Short text fragments from websites:
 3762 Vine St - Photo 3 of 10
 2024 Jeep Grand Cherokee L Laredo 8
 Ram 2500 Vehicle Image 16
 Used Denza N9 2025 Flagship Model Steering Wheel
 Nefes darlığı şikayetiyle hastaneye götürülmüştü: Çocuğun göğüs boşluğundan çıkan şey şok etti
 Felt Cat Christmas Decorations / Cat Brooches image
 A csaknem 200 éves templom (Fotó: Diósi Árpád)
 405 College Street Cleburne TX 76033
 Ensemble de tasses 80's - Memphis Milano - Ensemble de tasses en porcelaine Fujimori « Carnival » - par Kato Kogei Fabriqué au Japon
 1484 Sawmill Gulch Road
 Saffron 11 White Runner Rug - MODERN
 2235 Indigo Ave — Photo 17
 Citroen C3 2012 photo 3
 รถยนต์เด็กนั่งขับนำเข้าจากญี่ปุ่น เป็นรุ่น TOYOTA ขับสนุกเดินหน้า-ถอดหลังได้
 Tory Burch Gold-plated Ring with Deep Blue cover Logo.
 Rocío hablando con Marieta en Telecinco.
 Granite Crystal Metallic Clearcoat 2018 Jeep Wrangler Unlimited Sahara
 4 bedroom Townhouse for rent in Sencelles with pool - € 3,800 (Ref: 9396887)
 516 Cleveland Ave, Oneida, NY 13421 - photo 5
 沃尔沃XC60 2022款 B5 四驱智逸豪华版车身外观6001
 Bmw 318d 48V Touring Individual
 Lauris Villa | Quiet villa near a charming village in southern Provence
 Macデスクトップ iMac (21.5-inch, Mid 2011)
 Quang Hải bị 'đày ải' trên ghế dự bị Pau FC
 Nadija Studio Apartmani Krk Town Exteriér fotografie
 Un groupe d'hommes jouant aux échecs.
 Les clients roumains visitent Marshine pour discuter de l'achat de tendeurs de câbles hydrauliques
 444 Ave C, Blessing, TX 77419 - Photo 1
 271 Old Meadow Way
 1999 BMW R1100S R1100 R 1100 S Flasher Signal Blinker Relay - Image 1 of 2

#### Exercise directions
Your answer must be the line containing "Lauris Villa |" and every line after it through the end of the records above, reproduced exactly and alone.

#### Finished task
 Lauris Villa | Quiet villa near a charming village in southern Provence
 Macデスクトップ iMac (21.5-inch, Mid 2011)
 Quang Hải bị 'đày ải' trên ghế dự bị Pau FC
 Nadija Studio Apartmani Krk Town Exteriér fotografie
 Un groupe d'hommes jouant aux échecs.
 Les clients roumains visitent Marshine pour discuter de l'achat de tendeurs de câbles hydrauliques
 444 Ave C, Blessing, TX 77419 - Photo 1
 271 Old Meadow Way
 1999 BMW R1100S R1100 R 1100 S Flasher Signal Blinker Relay - Image 1 of 2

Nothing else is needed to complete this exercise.